She noted that there is a danger of the pendulum swinging too far. She recalled that in California during the 1980s, at least two thirds of oncologists did not have a Drug Enforcement Administration license and so could not prescribe anything that was higher in potency than Vicodin (hydrocodone bitartrate and acetaminophen). "They were afraid they were going to get arrested, and they assumed that their patients were becoming drug addicts, and that one Percocet (oxycodone and acetaminophen) means they'll be out there in the street shooting heroin or something," she said.

The pendulum then swung too far in the opposite direction, she said, "where everybody with a stubbed toe got Oxycontin (oxycodone) for it," said Blackhall. "There's good evidence to show that many more people were getting opioids than those who really needed them."

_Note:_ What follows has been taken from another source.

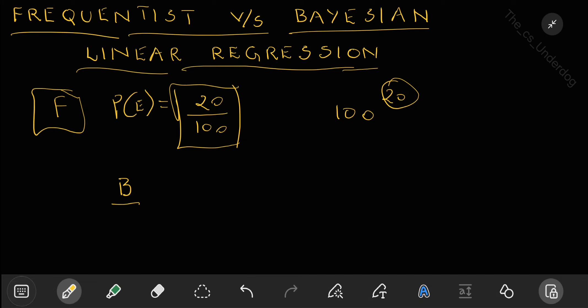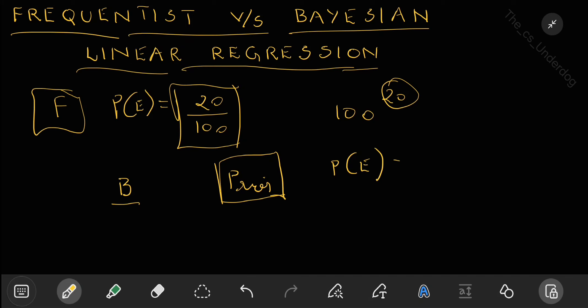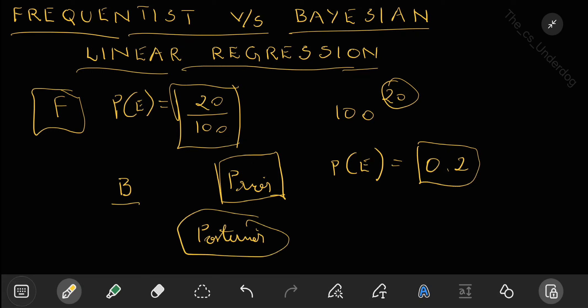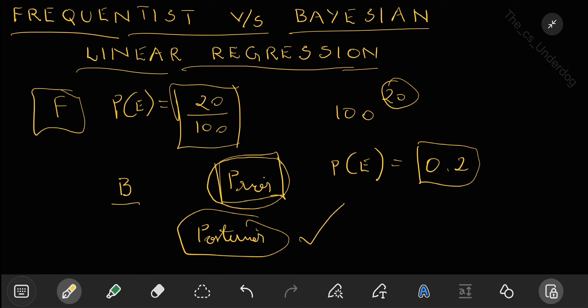In the Bayesian approach to probability, we had a prior. The prior is our initial belief about a particular event. We would say the prior probability of that particular event is something, let's say 0.2. This is our prior belief. Then, as we see the data, we update our prior belief to a posterior. The posterior is what we form after we see the data. Before seeing the data, we already have a prior belief, and then using Bayes' theorem we update the prior to the posterior belief.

So at this juncture, there is legitimate concern about shifting backward, such that patients with legitimate needs could be denied pain medication. But the answer does not lie in pretending that this isn't a problem, she emphasized.

"It is a problem. I can guarantee you, it's a problem, and if you're not screening for it, you're missing the fact that some of your patients and their family members have that problem," she said.

Blackhall does not want to revert to the point where physicians are severely limited in what they can legally prescribe, but "I don't think we should be staying at the place where we're just putting our fingers in our ears and going, 'la, la, la, la, la,' " she said.

Her recommendation is for universal screening, and all patients at her clinic are evaluated at their first visit. The Opioid Risk Tool is used because it is brief and convenient. "Universal monitoring and universal education are how you use opioids safely," she said.

Summing It Up

The chair of the session, Susan G. Urba, MD, professor of medicine at the University of Michigan, Ann Arbor, noted that the debate addressed many of the issues that physicians are struggling with.

"I don't want to contribute to anyone's addiction or to their struggles with opioids, and I also don't want the opioids I'm prescribing being sold on the street for something else," she said. "That's in the back of my mind, and probably this is true for every practitioner."

Urba emphasized that physicians want to treat their patients. "We want to provide them with comfort, and it doesn't take a genius to agree, particularly at this meeting, that this is a very high priority for us," she said.

She explained that she runs a symptom management and supportive care clinic at her institution's cancer center and sees many patients who have pain that is difficult to manage. The decisions on how to treat pain are often not clear-cut or are not addressed in guidelines.

A patient with metastatic esophageal cancer, for example, which is associated with a high degree of pain, would certainly receive opioids, Urba said. "But what about the person who is now cancer free but has chronic pain that resulted from the cancer treatment?"

After undergoing chemoradiation, patients with head and neck cancer may be free of disease but have intense pain and require a very high level of opioids. Nonopioid drugs are recommended for many types of pain, such as neuropathic pain. But many of the patients referred to her clinic have already been prescribed these drugs and are still in pain, she noted. "They're being referred to me for consideration of opioids," she said.

In the American Society of Clinical Oncology's Clinical Practice Guideline for Neuropathic Pain, duloxetine (Cimbalta, Lilly) is given a moderate recommendation for the treatment of such patients, and several other agents may be offered, but there is no mention of opioids, Urba explained. "I would feel more comfortable having some data backing me up, so in my notes I make a very good case for them."

Such patients may be receiving opioids for a long time, she emphasized. "Some of them are cured, and this is their big problem, often for the rest of their life."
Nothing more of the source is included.